Jackie Abrams is NCA’s former senior editorial manager.
When private clubs create private social media groups to promote club member interactions, they must also ensure that club members who participate in those social media groups do their parts to be responsible users and help protect the club’s private status. Here is a sample list of user rules for member participation in the club’s social media outlets:
1. Club members must abide by the terms, conditions and policies that belong to specific social networks while participating in club-managed forums or groups on those networks.
2. Members should not provide information on or engage in discussions about club membership, activities, events or members on the club’s public social media accounts. Such discussions should occur only within the club’s private social media groups or forums. For assistance accessing the club’s private groups or forums, please contact the club’s social media manager, [NAME] at [E-MAIL].
3. Discussions on the club’s private social media forums and groups are intended for club members only. Members should not copy or repost comments, photos or videos from the club’s private social media forums or groups to any personal or public social media wall, board, forum or group, or to any other public medium.
4. The club strives to promote open, respectful platforms for member dialogue, engagement and interaction through its private social media groups and forums. When participating in the club’s social media forums or groups, the club asks that members agree not to:
a. Copy, repost, download, transfer, modify, or otherwise publicize or commercially exploit the content of the club’s social media profiles, pages, forums or groups, or any information or discussions posted therein, without prior permission from the club and the content’s original poster
b. Transmit or upload content containing computer viruses or malware
c. Post advertisements for external businesses or spam the club’s profile, forums, groups or members
d. Discuss illegal activities or use the club’s social media forums or groups for illegal purposes or to violate any laws
e. Post comments or material that is disrespectful, offensive, defamatory, obscene or otherwise unsuitable or inappropriate
f. Harass, inconvenience, cause distress to, or infringe on the rights of another person, including club members, their families, club staff and all forum participants
g. Use the club’s social media profiles, pages, forums or groups, or any information or discussions posted therein in any manner not consistent with these terms
5. The club may monitor and record comments and conversations to help improve the members’ club and social media experiences
6. The club supports open, respectful discussions and communication within its social media forums and groups. Though the club endeavors to moderate offensive, unsuitable comments, the club is not responsible for content posted by forum or group participants.

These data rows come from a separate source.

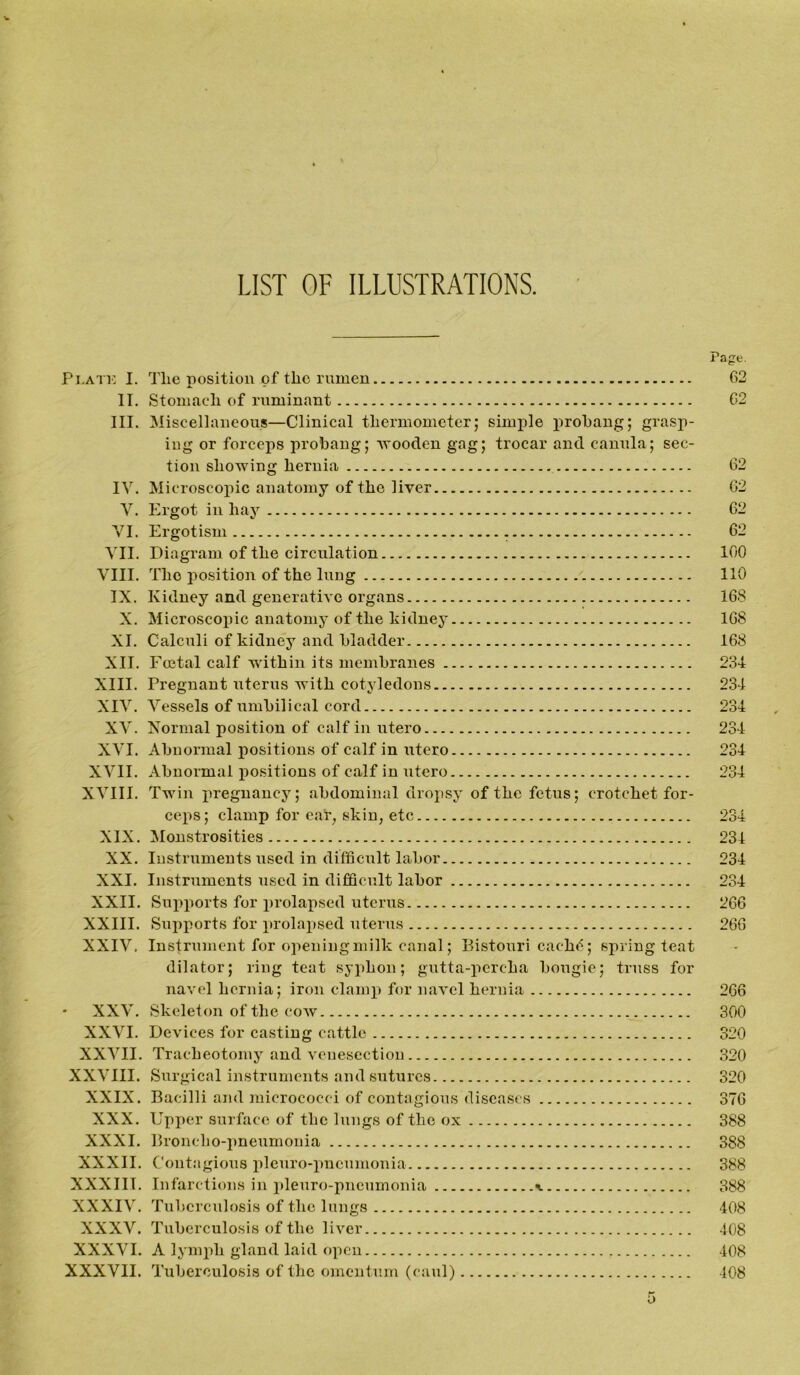 LIST OF ILLUSTRATIONS. Page. Plate I. Tlie position of the rumen 02 IT. Stomach of ruminant 02 III. Miscellaneous—Clinical thermometer; simple prohang; grasp- ing or forceps prohang; wooden gag; trocar and canula; sec- tion showing hernia 02 IV. Microscopic anatomy of the liver 62 V. Ergot in hay 62 VI. Ergotism 62 VII. Diagram of the circulation 100 VIII. The position of the lung 110 IX. Kidney and generative organs 168 X. Microscopic anatomy of the kidney 168 XI. Calculi of kidney and bladder 168 XII. Foetal calf within its membranes 234 XIII. Pregnant uterus with cotyledons 234 XIV. Vessels of umbilical cord 234 XV. Normal position of calf in ntero 234 XVI. Abnormal positions of calf in ntero 234 XVII. Abnormal positions of calf in ntero 234 XVIII. Twin pregnancy; abdominal dropsy of the fetus; crotchet for- ceps; clamp for ear, skin, etc 234 XIX. Monstrosities 231 XX. Instruments used in difficult labor 234 XXI. Instruments used in difficult labor 234 XXII. Supports for prolapsed uterus 266 XXIII. Supports for prolapsed uterus 266 XXIV. Instrument for opening milk canal; Bistouri caclffi; spring teat dilator; ring teat syphon; gutta-percha bougie; truss for navel hernia; iron clamp for navel hernia 266 XXV. Skeleton of the cow 300 XXVI. Devices for casting cattle 320 XXVII. Tracheotomy and venesection 320 XXVIII. Surgical instruments and sutures 320 XXIX. Bacilli and micrococci of contagious diseases 376 XXX. Upper surface of the lungs of the ox 388 XXXI. Broncho-pneumonia 388 XXXII. Contagious pleuro-pncumonia 388 XXXIII. Infarctions in pleuro-pncumonia s. 388 XXXIV. Tuberculosis of the lungs 408 XXXV. Tuberculosis of the liver 408 XXXVI. A lymph gland laid open 408 XXXVII. Tuberculosis of the omentum (caul) 408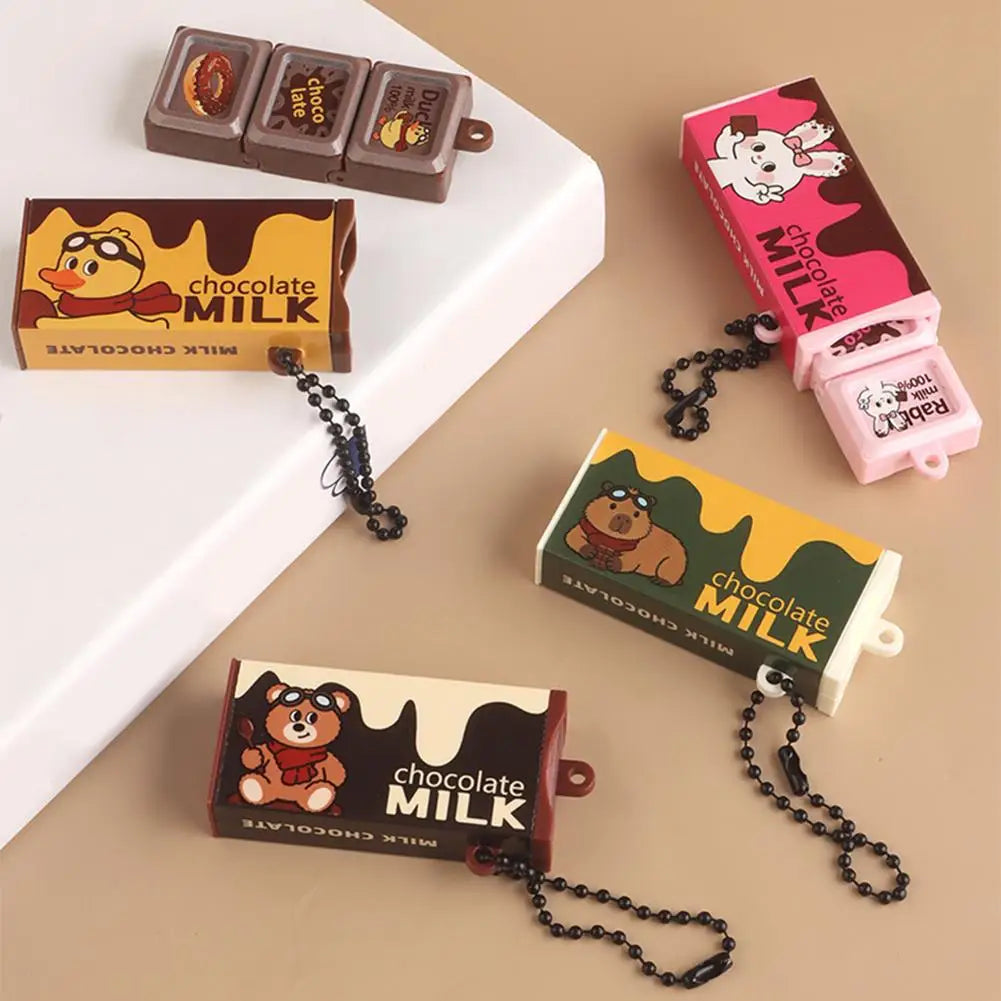 Chocolate Bar Fidget Toy Keychain – Sensory Stress Relief Fidget Sensory Toy Zpaxo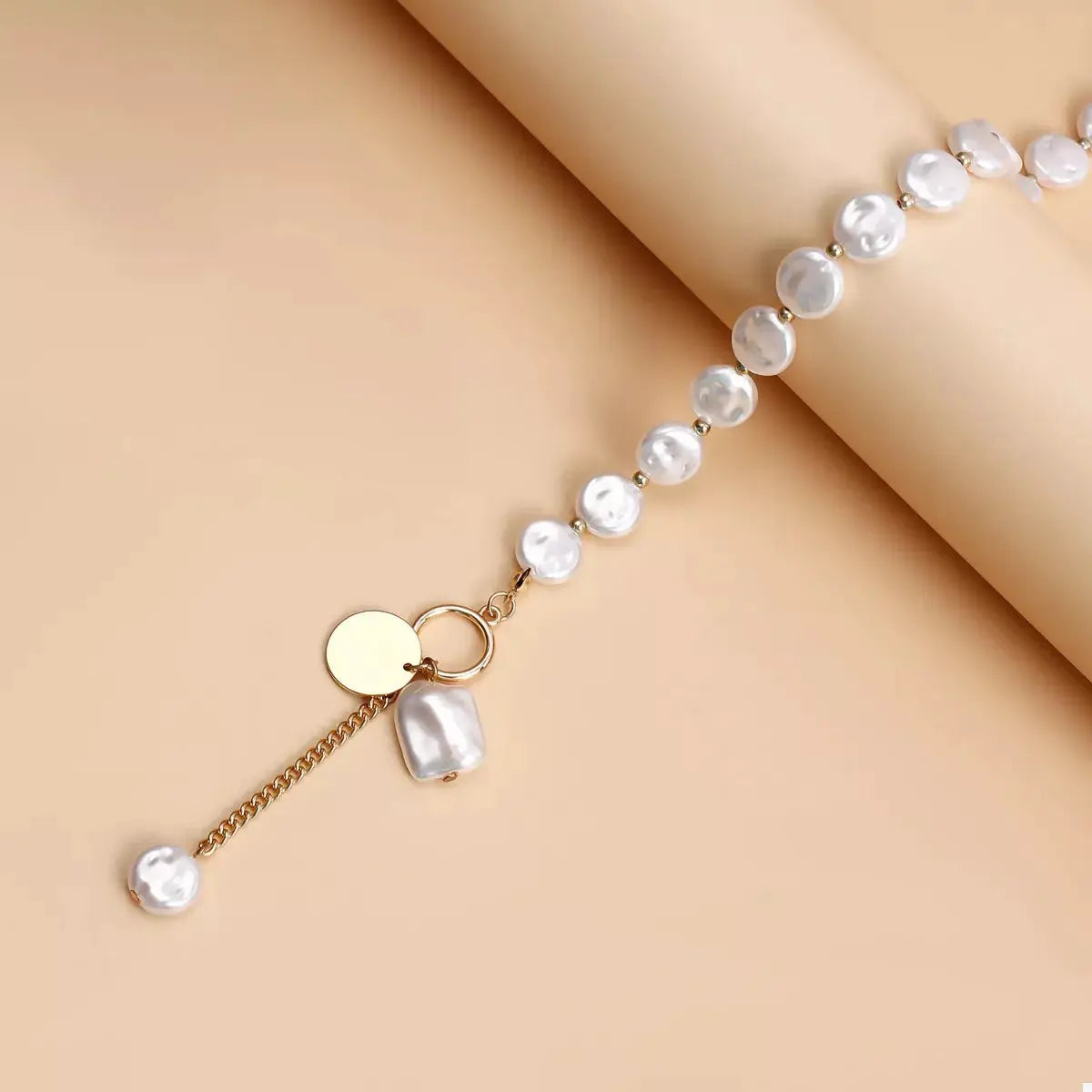 18K Gold-Plated Pearl Drop Necklace by Trendsi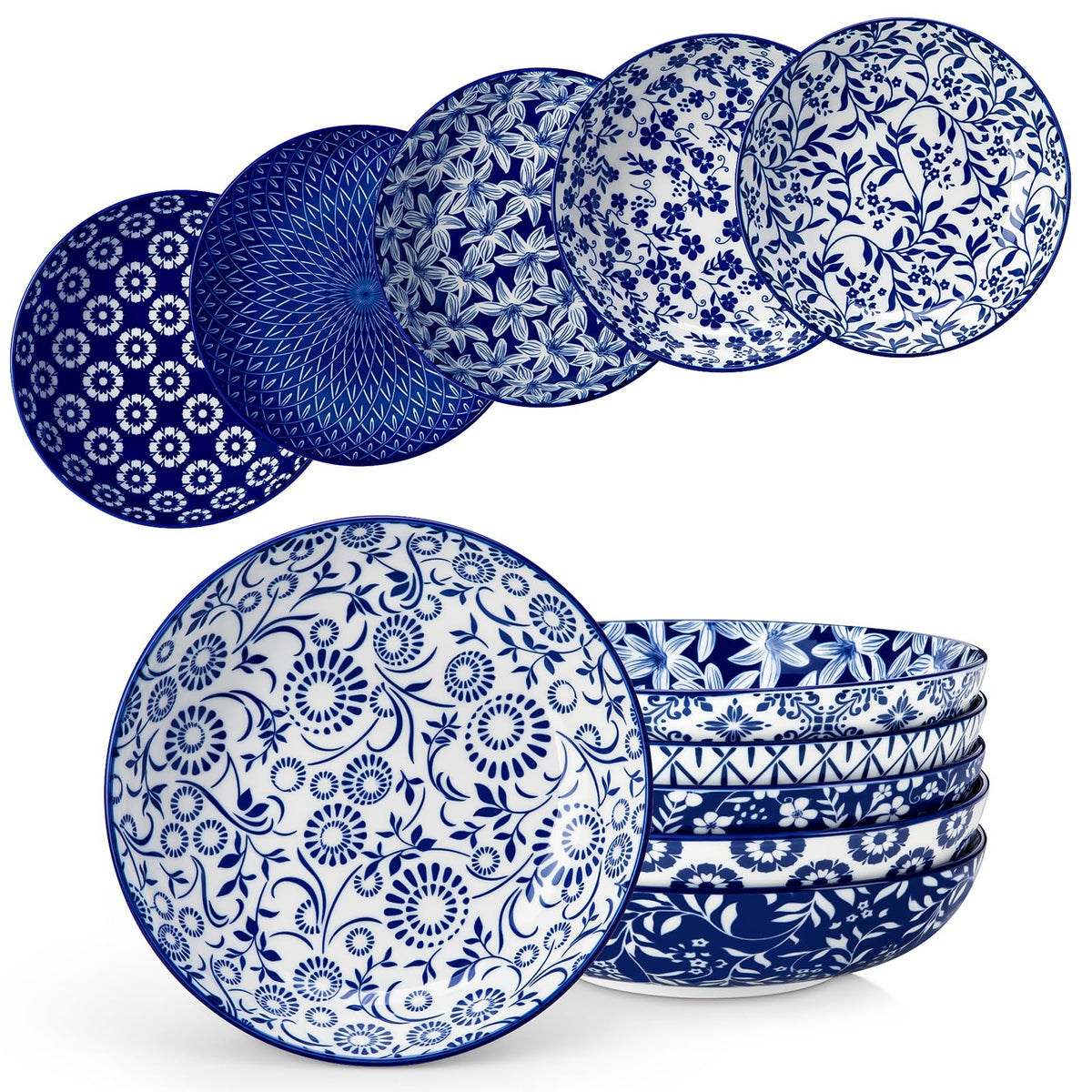 12-Piece Porcelain Pasta Bowls and Espresso Cups Set U3495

7. The club reserves the right to moderate or remove user comments and posts when such comments or posts contravene the above rules, or when the club deems them appropriate.
8. If individuals violate these rules, the club reserves the right to suspend, terminate or change the conditions of their access. Additionally, a violation of these rules may be considered a violation of the club’s code of conduct, subjecting the offending member to consequences outlined in the club’s bylaws.
This list is intended to function as a set of guidelines for participation in club social media forums. It is not intended to be a comprehensive list of terms and conditions or a legally binding contract. Clubs should consult with their legal counsel whenever they craft binding policies or member agreements.